Nel tempo però, vista l’utilità del modello, il legislatore ha ampliato l’elenco e tuttora vi sono ulteriori prospettive di sviluppo, soprattutto in relazione all’aggiunta all’elenco dei reati ambientali, allo sfruttamento del lavoro clandestino, ai reati informatici e a quelli in materia tributaria.
Fermandoci nel corso della presente analisi al dato normativo, occorre fare riferimento all’art. 6 del decreto-legge 25 settembre 2001, n. 350, il quale a seguito dell’introduzione dell’euro ha introdotto nel d.lgs. 231/2001, l’art. 25 bis, che prevede la punibilità degli enti in relazione alle principali fattispecie delittuose in materia di falso in monete(4).
Il D.lgs. 61 del 2002, di riforma dei reati societari, con l’art. 3 ha integrato il D.lgs. 231 del 2001 inserendo l’art. 25 ter, che fa riferimento, quali reati presupposti, a tutte quelle figure di reato dei singoli che possano determinare un vantaggio economico nei confronti della società(5). Tale articolo è stato modificato dall’art. 31 della legge 28 dicembre 2005, n. 262 che tra l’altro ha inasprito le pene.
In tale ambito occorre chiarire che ai fini della responsabilità amministrativa non rilevano, le fattispecie di cui agli artt. 2630, 2631, 2634, 2635 c.c.   Tale scelta deriva dal fatto che:
-  i delitti di infedeltà patrimoniale e di comportamento infedele, trattandosi di condotte contrarie all’interesse dell’ente e che arrecano, o possono arrecare, un danno allo stesso non possono comportare responsabilità dell’ente;
-  non coinvolge la società commissione degli illeciti amministrativi di impedito controllo (senza danno ai soci) e di omessa convocazione dell’assemblea, non essendo stato commesso un previo reato dalla persona fisica.

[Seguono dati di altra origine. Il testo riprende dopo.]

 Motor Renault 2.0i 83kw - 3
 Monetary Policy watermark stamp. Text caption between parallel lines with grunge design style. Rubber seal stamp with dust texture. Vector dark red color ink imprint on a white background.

La norma civile prevede inoltre speciali cause di estinzione del reato qualora il soggetto attivo ponga in essere condotte “riparatorie” dell’interesse patrimoniale leso. Nell’illegale ripartizione degli utili (art. 2627 c.c.), la restituzione degli utili o la ricostituzione delle riserve prima della scadenza del termine previsto per l’approvazione del bilancio, estingue il reato. Parimenti avviene per le illecite operazioni sulle azioni o quote sociali o della società controllante (art. 2628 c.c.) in caso di ricostituzione del capitale e delle riserve prima della scadenza del medesimo termine e per le operazioni in pregiudizio dei creditori (art. 2629 c.c.), qualora prima del giudizio sia loro risarcito il danno.

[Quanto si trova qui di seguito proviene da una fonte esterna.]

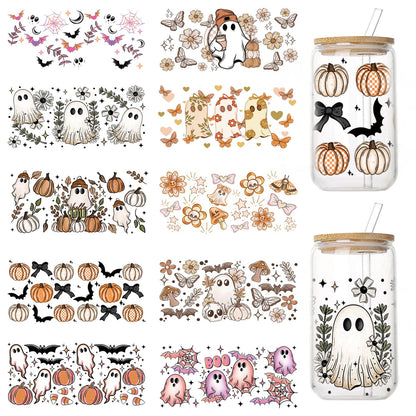 10 Sheets Halloween UV DTF Transfer Stickers for Glass, Cute Ghost Flower Rub on Transfers for Autumn Cup Wrap Crafts Funny No Heat Needed Ready to Apply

Da ultimo in caso di indebita ripartizione dei beni sociali da parte dei liquidatori (art. 2633 c.c.), il risarcimento del danno ai creditori prima del giudizio estingue il reato. Nelle ipotesi di false comunicazioni sociali di cui agli artt. 2621, commi 3 e 4, e 2622, commi 5 e 6, la responsabilità della persona fisica è esclusa se le falsità o le omissioni determinano una variazione del risultato economico di esercizio, al lordo delle imposte, non superiore al 5%, con una variazione del patrimonio netto non superiore al 1%; il fatto non è inoltre punibile se è conseguenza di valutazioni estimative che, singolarmente considerate, differiscono in misura non superiore al 10% da quella corretta. In tali casi di esclusione della responsabilità della persona fisica ci si chiede se l’ente possa essere ritenuto ugualmente responsabile. In attesa di pronunce in merito sembra più opportuno escludere tale responsabilità avendo il legislatore in tali casi ed al di sotto di tali soglie ritenuto assente proprio la rilevanza penale del comportamento della persona fisica.

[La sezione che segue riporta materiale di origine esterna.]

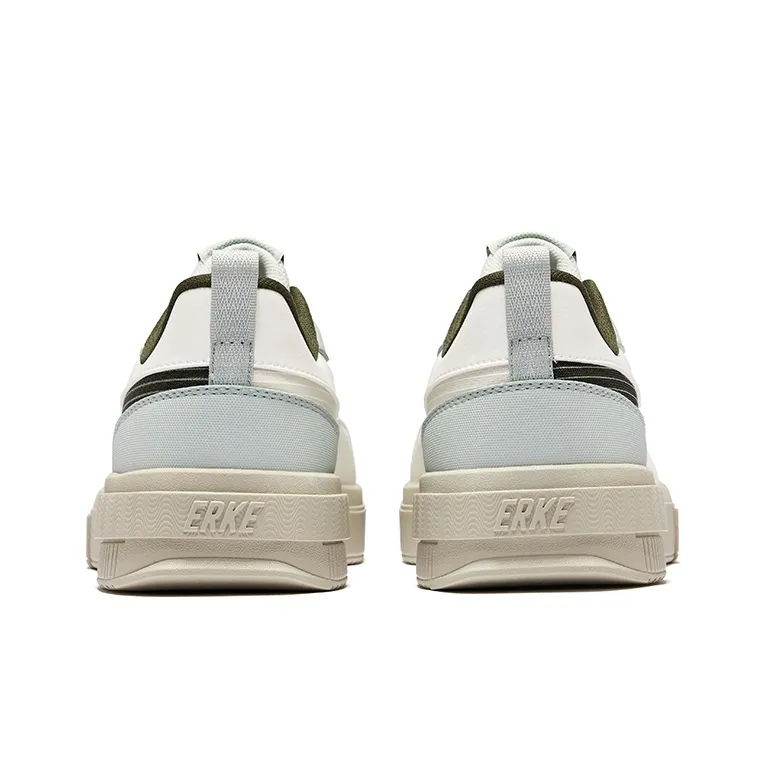 Erke Abrasion Resistant Slip Resistant Low Top Skateboard Shoes Men's Microcrystal White Light Gray Green-3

La legge 14 gennaio 2003, n. 7, ha seguito della ratifica della Convenzione internazionale per la repressione del finanziamento del terrorismo di New York del 9 dicembre 1999, ha introdotto l’art. 25 quater in base al quale la persona giuridica risponde anche per i più gravi reati commessi dalle persone fisiche con reati con finalità di terrorismo o di eversione(6). La legge 9 gennaio 2006, n. 7, all’art. 8 ha aggiunto tra le condotte rilevanti le pratiche di mutilazione degli organi genitali femminili di cui all’art. 583 bis c.p. introducendo l’art. 25 quater 1. Norma volta a perseguire le condotte delle organizzazioni confessionali islamiche dedite a tali pratiche. La legge 11 agosto 2003, n. 228, ha aggiunto all’elenco i più gravi delitti contro la personalità individuale introducendo l’art. 25 quinques(7).
La legge 18 aprile 2005, n. 62, art. 9, co. 3 - legge comunitaria 2004 ha aggiunto l’art. 25 sexies che prevede la punibilità degli enti a seguito della commissione dei reati di abuso di mercato, previsti dal Testo unico finanziario TUF D.lgs. 58/1998 agli art. 184 (abuso di informazioni privilegiate) e art.185 (manipolazione del mercato) e a seguito delle medesime figure di natura però contravvenzionale previste agli art. 187 bis e 187 ter.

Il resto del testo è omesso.